Le suorine, Schengen, “Zaman”, gli annegati e l’indifferenza

Weekend assai ricco di notizie dolorose di fronte alle quali rischiamo l’indifferenza, come dice Francesco. Per assuefazione, per ignavia o per rifiuto di quel che fa male
«Infradito» Venezia Biennale © Michele Zanzucchi 2015

Quattro suorine di Madre Teresa ammazzate ad Aden, in Yemen, assieme a 12 altre persone nell’assalto alla casa di riposo dove le religiose operavano, nonostante il pericolo evidente, palpabile, che si respira in una nazione devastato da una guerra infra-musulmana, tra sunniti sostenuti dall’Arabia Saudita e sciiti invece appoggiati da Teheran. Una guerra dimenticata, forse mai conosciuta, che di vittime ne sta mietendo a decine di migliaia. Papa Francesco ha detto all’Angelus che le suore sono «martiri dell’indifferenza», come lo sono gli altri morti nell’attacco, come lo sono i 25 annegati al largo dell’isola di Kos, come lo sono i 300 mila morti della guerra siriana, come lo sono i tanti morti in una Libia che pare sospesa nel vuoto in attesa della deflagrazione della guerra…

 

L’indifferenza è la malattia del secolo. Abbiamo paura e questo in qualche modo richia di tacitare le nostre coscienze: io soffro già di mio, perché debbo interessarmi ai dolori altrui? Ad esempio ai giornalisti del giornale turco Zaman, vittime di un raid della polizia di Ankara che li ha sostituiti con cronisti accomodanti col regime di Erdogan.
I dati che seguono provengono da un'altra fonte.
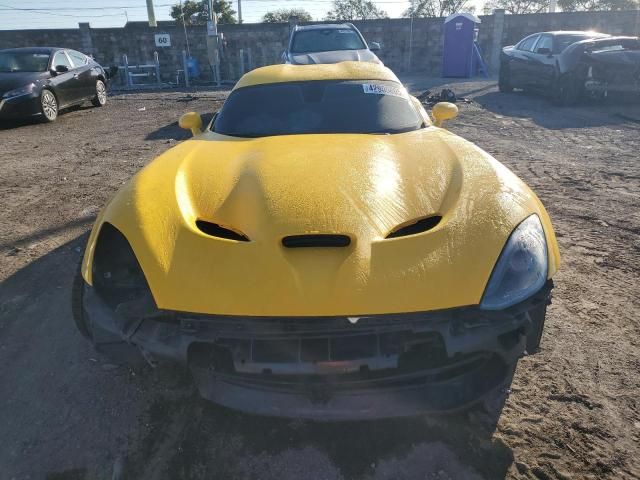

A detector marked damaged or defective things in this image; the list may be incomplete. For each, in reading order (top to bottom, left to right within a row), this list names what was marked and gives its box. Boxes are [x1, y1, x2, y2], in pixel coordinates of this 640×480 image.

damaged front end [75, 223, 552, 418]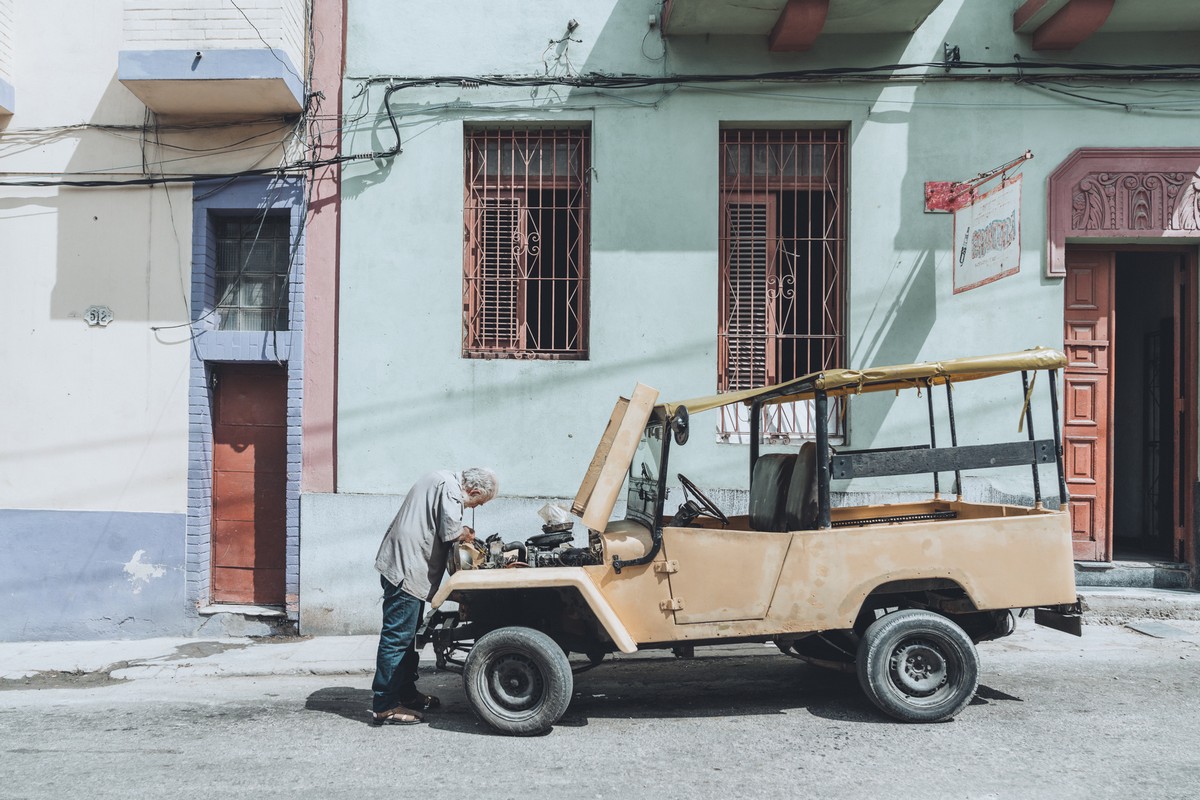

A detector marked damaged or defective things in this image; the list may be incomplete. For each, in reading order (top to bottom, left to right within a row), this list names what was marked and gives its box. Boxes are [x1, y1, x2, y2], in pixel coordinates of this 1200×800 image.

Col quale, nelle stesse ore, l’Unione europea cerca di stringere un accordo perché le sue forze dell’ordine impediscano che tanti profughi prendano la via dell’Europa. Un modo per tacitarsi le coscienze, i profughi di guerra ci saranno sempre ma rimarranno invisibili a noi e non arriveranno più in Grecia o in Italia con i gommoni, ma saranno condannati a vagare in un Medio Oriente sempre più caotico e sconvolto dai conflitti.

 

Sì, preoccupiamoci di Schengen, che oggi al vertice europeo con molta probabilità verrà “ibernato”; sì, cerchiamo di controllare le nostre frontiere esterne; sì dividiamoci le quote di immigrati contingentandoli col bilancino. Ma non dimentichiamoci che la sofferenza è liquida, è spirituale, invade gli interstizi della vita e della società: figurarsi se non saprà superare le barriere di filo spinato che l’Unione sta stendendo tutt’attorno ai suoi confini.